Erlang bindings for Windows Azure
Background
I'm a procrastinator. Where others see an obstacle to surmount, I see an opportunity to put something away for later. Which is exactly what I did for my Erlang wrapper around the Windows Azure a few days ago. I discovered that Erlang didn't support SHA 256 out of the box, necessary for the HMAC-SHA256 needed for authenticating storage requests, I threw up my hands in a mediocre blog post, filed away my code for a later date when either Erlang added SHA 256 support to the crypto module (likely) or when I got around to implementing SHA 256 myself (not likely).

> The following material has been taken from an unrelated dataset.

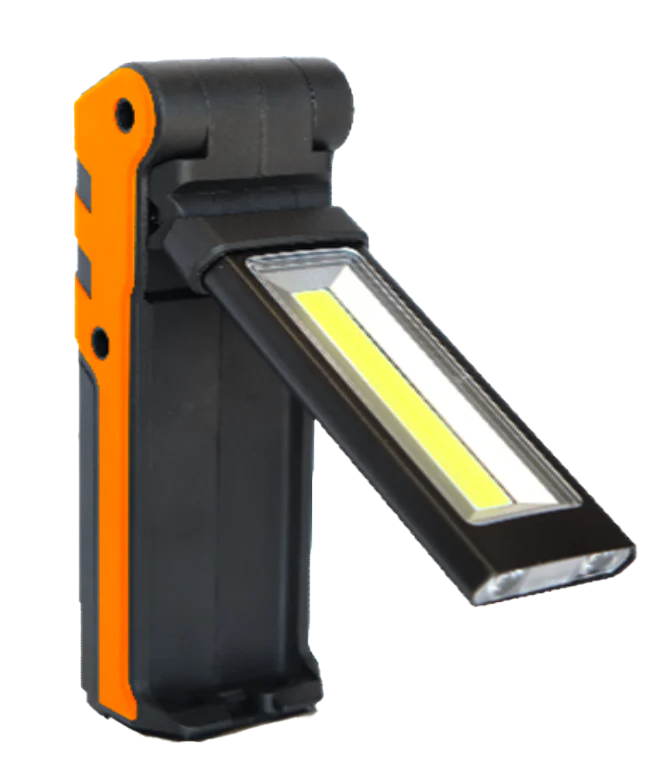 Baladeuse extra plate 500 Lumens | SP Tools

However, my procrastination this time was short lived. Steve Vinoski showed up in the comments and to my astonishment, whipped together a SHA-256 implementation. Having run out of excuses, I spent some time and finished up my client. Along the way, I wrote a HMAC-SHA256 module in Erlang which was an interesting exercise as well. You can find the GitHub project here. It's in its infancy and can only deal with blobs at the moment. But I am taking feature requests so holler if you need something.
Sample
I'm still unsure of the right idiomatic way to do most things in Erlang. I've created it using the gen_server OTP framework though in retrospect, a simple module would have sufficed. Here's some sample test code which accesses storage (the key and account for the local development storage which runs on my machine).
-module(winazuretest).
-export([test/0]).
test() ->
winazure:start({"devstoreaccount1",
"Eby8vdM02xNOcqFlqUwJPLlmEtlCDXJ1OUzFT50uSRZ6IFsuFq2UVErCz4I6tq/K1SZFPTOtr/KBHBeksoGMGw==",
true}),
winazure:create_container("test",true),
winazure:put_blob("test","blob1","Hello!","text/plain"),
"Hello!" = winazure:get_blob("test","blob1"),
winazure:delete_blob("test","blob1"),
winazure:delete_container("test").
Observations
- I'm still learning the 'Erlang way' to do things. This is evident in my HMAC implementation and in my storage client. In some places, I have some ugly unspeakable hacks because I couldn't figure out 'the right way' to do it. I would love some feedback on how to 'Erlang-ize' my code.
- When implementing HMAC based on Wikipedia pseudocode, don't assume 'block size' is 256 just because your hash algorithm is 'SHA-256'. An assumption like could just lead to you staring at random strings of numbers for long periods of time on New Year's eve.
- There is some issue with either Erlang's HTTP 1.1 support or Windows Azure's HTTP 1.1 support or the combination of the two. The client keeps dying after a few calls. I couldn't figure it out so I switched to using HTTP 1.0.
- Erlang's bit syntax seems to be the equivalent of cryptic Perl one-liners. Something that a seasoned programmer can crank out with elan but a newbie scratches their head at. My 'bit-syntax-fu' is as weak as my 'regex-fu' and my nightmares now have double angle brackets in them.
- Distel and Erlang's emacs mode are the best way to code Erlang right now. I tried using TextMate's Erlang bundle for a few days but hitting "C-c C-k' to compile the current buffer and be thrown into a Erlang buffer is too good to give up.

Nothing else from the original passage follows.